(The data)

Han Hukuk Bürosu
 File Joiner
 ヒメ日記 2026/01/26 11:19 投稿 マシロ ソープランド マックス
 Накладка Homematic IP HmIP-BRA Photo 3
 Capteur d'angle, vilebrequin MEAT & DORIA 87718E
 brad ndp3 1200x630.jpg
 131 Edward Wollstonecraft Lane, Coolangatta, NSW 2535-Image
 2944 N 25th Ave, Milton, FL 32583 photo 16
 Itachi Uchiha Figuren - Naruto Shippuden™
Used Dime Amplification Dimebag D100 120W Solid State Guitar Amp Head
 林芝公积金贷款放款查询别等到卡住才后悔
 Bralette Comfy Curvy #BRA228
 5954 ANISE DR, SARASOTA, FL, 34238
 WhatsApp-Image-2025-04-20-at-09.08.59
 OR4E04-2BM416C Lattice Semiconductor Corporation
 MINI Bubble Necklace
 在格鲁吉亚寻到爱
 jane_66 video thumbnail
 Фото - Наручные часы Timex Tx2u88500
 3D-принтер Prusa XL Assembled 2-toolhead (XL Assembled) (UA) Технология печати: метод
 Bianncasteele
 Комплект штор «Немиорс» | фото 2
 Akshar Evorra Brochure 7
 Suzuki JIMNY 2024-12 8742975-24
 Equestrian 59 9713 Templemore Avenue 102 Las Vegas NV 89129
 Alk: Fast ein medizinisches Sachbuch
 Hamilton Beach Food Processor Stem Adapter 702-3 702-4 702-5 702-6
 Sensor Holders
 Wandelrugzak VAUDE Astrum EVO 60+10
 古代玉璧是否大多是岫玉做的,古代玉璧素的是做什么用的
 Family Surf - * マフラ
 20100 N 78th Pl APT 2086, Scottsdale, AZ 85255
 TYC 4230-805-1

(End The data)

Only a number is wanted here: the count of lines above that contain the word "Image".

2